* _Try it_
Reproduce each line from the first in the data through the line that contains "CHEST, George III" exactly; give nothing else.

Brief descriptive captions
:::::
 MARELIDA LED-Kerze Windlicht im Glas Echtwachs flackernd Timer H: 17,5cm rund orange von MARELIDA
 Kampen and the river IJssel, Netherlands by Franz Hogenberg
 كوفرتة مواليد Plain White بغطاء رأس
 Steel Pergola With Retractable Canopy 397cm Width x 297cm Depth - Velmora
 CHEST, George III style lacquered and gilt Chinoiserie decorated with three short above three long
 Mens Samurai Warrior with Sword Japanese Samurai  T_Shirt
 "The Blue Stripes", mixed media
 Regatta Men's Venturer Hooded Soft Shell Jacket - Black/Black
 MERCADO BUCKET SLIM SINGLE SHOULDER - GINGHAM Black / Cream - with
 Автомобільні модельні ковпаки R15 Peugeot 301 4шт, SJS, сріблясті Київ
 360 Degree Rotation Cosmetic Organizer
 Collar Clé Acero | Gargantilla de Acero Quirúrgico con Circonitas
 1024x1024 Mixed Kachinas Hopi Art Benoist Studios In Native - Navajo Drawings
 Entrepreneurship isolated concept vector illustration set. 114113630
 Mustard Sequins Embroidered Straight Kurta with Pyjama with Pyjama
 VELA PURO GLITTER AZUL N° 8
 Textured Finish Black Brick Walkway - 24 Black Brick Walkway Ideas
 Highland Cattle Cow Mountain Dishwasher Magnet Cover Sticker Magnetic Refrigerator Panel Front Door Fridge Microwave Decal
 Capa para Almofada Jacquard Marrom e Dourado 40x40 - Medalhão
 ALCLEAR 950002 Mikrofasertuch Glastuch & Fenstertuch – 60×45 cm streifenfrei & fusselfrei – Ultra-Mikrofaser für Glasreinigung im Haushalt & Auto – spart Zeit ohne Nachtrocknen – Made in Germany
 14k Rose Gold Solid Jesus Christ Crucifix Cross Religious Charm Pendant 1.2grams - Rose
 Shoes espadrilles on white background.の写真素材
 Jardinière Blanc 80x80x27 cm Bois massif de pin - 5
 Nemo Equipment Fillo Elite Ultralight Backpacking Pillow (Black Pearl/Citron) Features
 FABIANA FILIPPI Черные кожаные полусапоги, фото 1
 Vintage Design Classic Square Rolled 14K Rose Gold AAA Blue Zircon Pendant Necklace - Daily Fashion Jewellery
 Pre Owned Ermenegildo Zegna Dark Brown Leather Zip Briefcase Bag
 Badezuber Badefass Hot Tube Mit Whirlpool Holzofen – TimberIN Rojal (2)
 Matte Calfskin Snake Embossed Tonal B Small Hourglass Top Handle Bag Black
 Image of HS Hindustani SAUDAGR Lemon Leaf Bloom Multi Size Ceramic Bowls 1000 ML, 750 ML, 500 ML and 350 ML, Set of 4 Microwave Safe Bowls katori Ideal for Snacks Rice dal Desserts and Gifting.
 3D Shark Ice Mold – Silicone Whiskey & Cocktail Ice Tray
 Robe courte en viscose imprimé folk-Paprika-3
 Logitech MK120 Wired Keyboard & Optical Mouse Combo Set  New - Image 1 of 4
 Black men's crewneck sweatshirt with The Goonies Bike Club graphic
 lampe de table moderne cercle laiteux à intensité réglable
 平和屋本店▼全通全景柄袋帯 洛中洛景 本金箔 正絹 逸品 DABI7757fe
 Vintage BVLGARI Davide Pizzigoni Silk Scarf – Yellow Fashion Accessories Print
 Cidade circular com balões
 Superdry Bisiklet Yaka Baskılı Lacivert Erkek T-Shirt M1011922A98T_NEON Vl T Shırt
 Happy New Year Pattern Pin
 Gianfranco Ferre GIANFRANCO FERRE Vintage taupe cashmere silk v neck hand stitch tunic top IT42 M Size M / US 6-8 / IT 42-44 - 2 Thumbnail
:::::
* _Answer section_
 MARELIDA LED-Kerze Windlicht im Glas Echtwachs flackernd Timer H: 17,5cm rund orange von MARELIDA
 Kampen and the river IJssel, Netherlands by Franz Hogenberg
 كوفرتة مواليد Plain White بغطاء رأس
 Steel Pergola With Retractable Canopy 397cm Width x 297cm Depth - Velmora
 CHEST, George III style lacquered and gilt Chinoiserie decorated with three short above three long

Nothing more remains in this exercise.